Monthly Archives: October 2016

General of the Gingerbread Army

Goose Fair arrived in the first week of October, and started a train of thought that led to gingerbread.  From Goose Fair, through Halloween, Bonfire Night and until Christmas we will have gingerbread in a variety of forms. It started off with a look at traditional Grantham Gingerbreads. I’ve never done too well with biscuits that spread out, so I decided to look for another recipe and go back to that one.

It’s still in note form at the moment, but I will get round to writing it down properly soon.

These are more like a ginger biscuit when they are done, being crisp all the way through. My research (which meant eating several a day for three days) shows that they keep well. The residents of the Care Home we visited yesterday, and the Men in Sheds today all confirmed that they were good biscuits and had kept well. As these are people with years of experience in biscuit eating I think we will class this recipe as a success.

We also did apple juice and hoopla at the care Home, and talked of other fairs apart from Goose Fair (it turns out that most of the ladies don’t come from round here so we ended up talking of Shaftesbury, Hull, King’s Lynn and  Barnet). All in all it was an animated session even before Julia unpacked her mobile hoopla kit. Once the lure of prizes set its hook even the card school in the corner stopped to throw a hoop or two.

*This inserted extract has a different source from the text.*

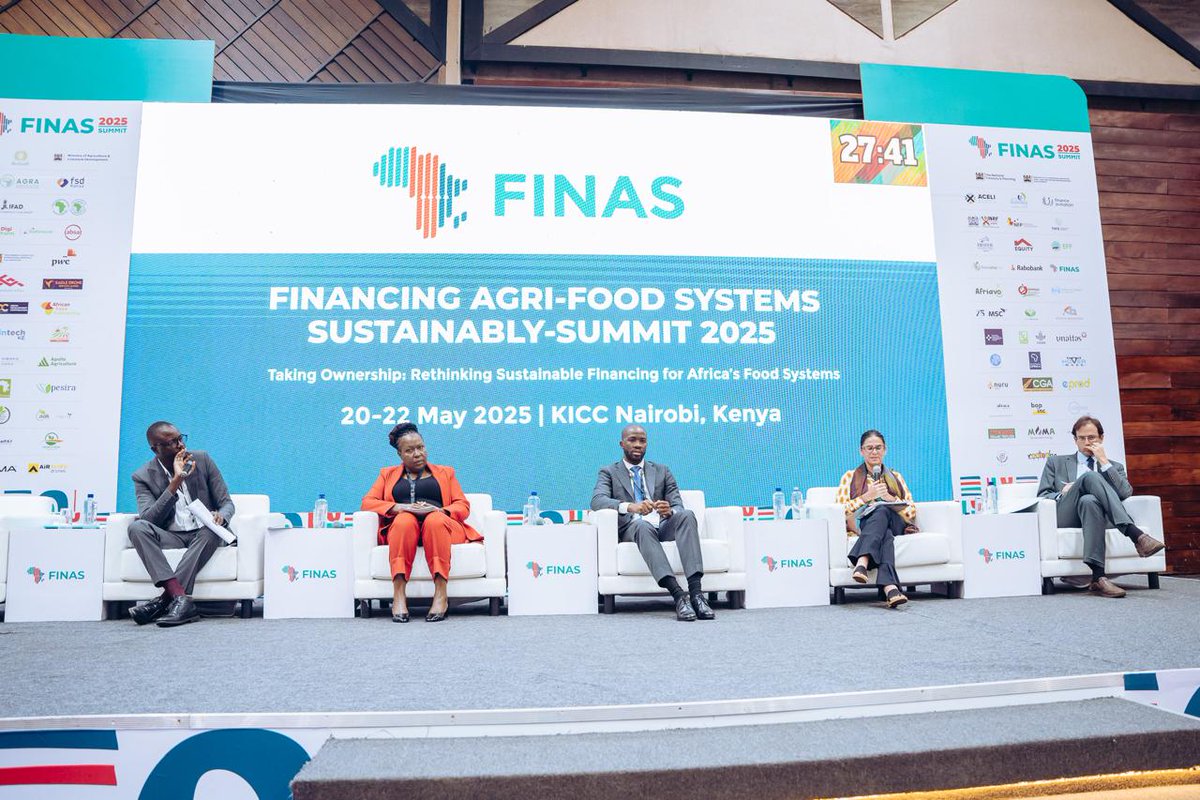 FSD Kenya (@fsdke) on Twitter photo At the <a href="/FINASAfrica/">Financing Agri-food Systems Sustainably</a> , the morning panel, moderated by FSD Kenya’s Jared Ochieng, explored redefining resilience of financial health in food systems.
Opening the session, Amrik Heyer, Senior Research Advisor at FSD Kenya defined financial health as the ability to manage daily At the <a href="/FINASAfrica/">Financing Agri-food Systems Sustainably</a> , the morning panel, moderated by FSD Kenya’s Jared Ochieng, explored redefining resilience of financial health in food systems.
Opening the session, Amrik Heyer, Senior Research Advisor at FSD Kenya defined financial health as the ability to manage daily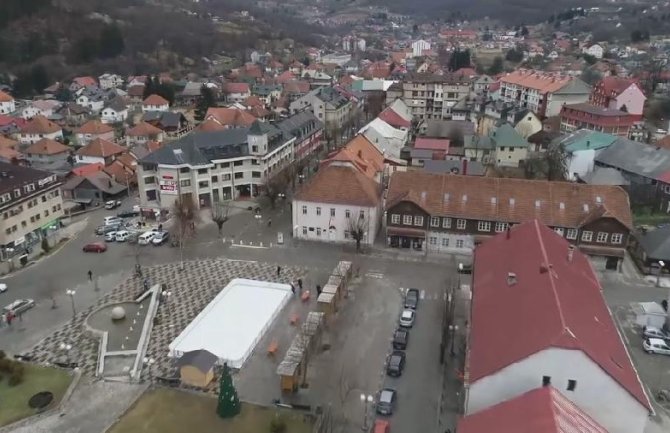 Jedna osoba privedena, pronađen kokain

The only problem was that there were a lot of biscuits – forty medium size, forty small, six round and one odd shape. I tested them until I couldn’t test another one and when I went to bed I could still see them, row after row of gingerbread men…

 

 

Piccalilli, preserves and plum jam

Phew, just managed the three P’s. Was just bemoaning the fact that we hadn’t done any pickles when I realised we did have preserves. I say “we” but I gave it a wide berth and spent most of my day pressing apples and tarting up a grant application (yes, the same one we’ve been doing for the last two months – it just came back with lots of nit-picking queries and suggestions). If you want the money, you do the work.

Anyway, it was preferable to working in a kitchen with two women in full preserving mode. Jam making does not bring out the best in my beloved, and as she was trying a new recipe I thought it was a good idea to stay out of the way.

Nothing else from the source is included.